Silenced Song Series
《空音》系列
Speaker, Analog-digital audio amplifier, Vinyl turntable, Acrylic sheet
There are moments when I can hardly breathe—feelings too difficult to articulate, tucked silently away inside. In those moments, song becomes the only outlet, the only way to let anything out. But within these standardized, recycled melodies, I hear something foreign—beliefs that were implanted, not born from us.

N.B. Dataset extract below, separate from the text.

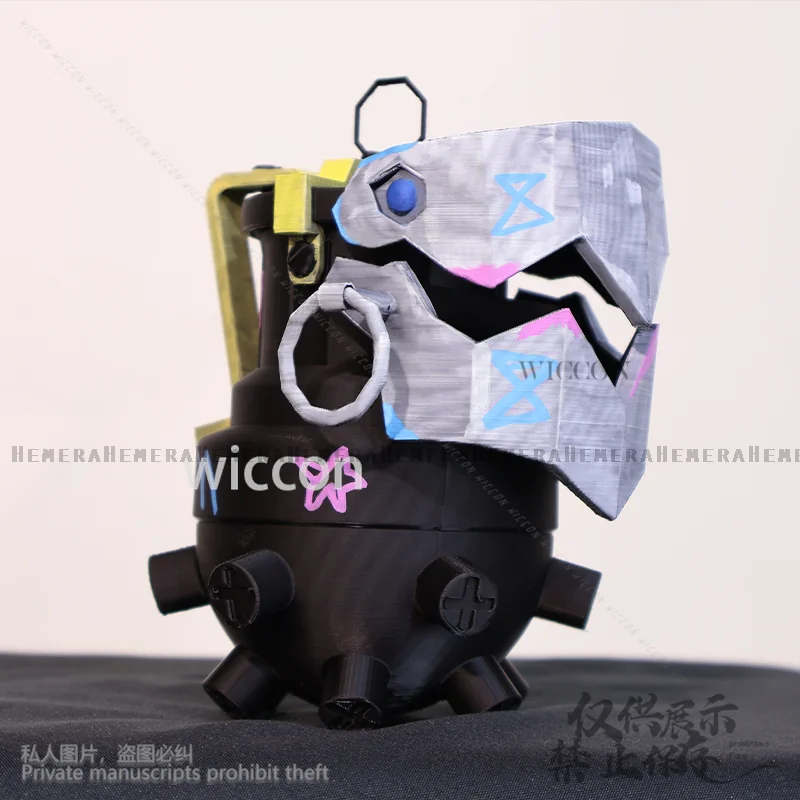 Аниме Arcane Косплей Jinx Костюм Chomper Акула Оружие Брелок Реквизит Для Хэллоуина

Text, language, patterns, symbols… rewritten, layered, fractured, erased.
I ask myself: Who am I?
"Motherland." "Mainland." These words have shifted, lost their original meaning. The "broadcast" tells us we are them, but we know—we are not.
We live in the in-between, in the cracks of identity. We sing their songs, speak their national language, while our dialects are treated like original sins. The roles of subject and object collapse, blur, invert.
What remains here is a kind of hollow sound—both real and symbolic. It is oppression, but also endurance; resistance, but also a silent scream.
It is in the erased silences of these melodies that I hear the real stories. The gaps are where memory lives. For me, to create is to recover and to resist—to place belief and identity into the fading traces of a homeland, preserving what little warmth remains.
喇叭、類比數位聲音擴大器、黑膠唱盤、壓克力板
有些時刻,讓人喘不過氣。那些難以言喻的感受,只能悄悄藏進心裡。於是,歌成了唯一能夠釋放情緒的出口。可在這些被反覆播放的樣板旋律中,我聽見的卻是被殖入的聲音——一種不屬於我們的信念。
文字、語言、圖樣、符號……它們被重寫,被疊加,破碎又殘缺。
我問自己:「我是誰?」
「母國」、「內地」,那些熟悉的詞彙已經變得陌生。「廣播」說我們是他們的一部分,但我們知道自己不是。
我們活在縫隙裡,在兩種語言、兩種文化之間徘徊。我們唱著他們的歌,說著他們的「國語」,而我們的「方言」卻成了原罪。主體與客體的邊界被模糊、顛倒。
這裡的「空音」,是某種真實的殘響——它同時是壓迫,也是隱忍,是反抗,也是低聲的吶喊。
我在旋律的刪節與沉默之處,聽見真正的故事。那些缺口,才是我們記憶的棲息地。創作對我來說,是一種尋回與抵抗,是將信念與認同,安放在逐漸消失的家園中,所能留下的最後溫度。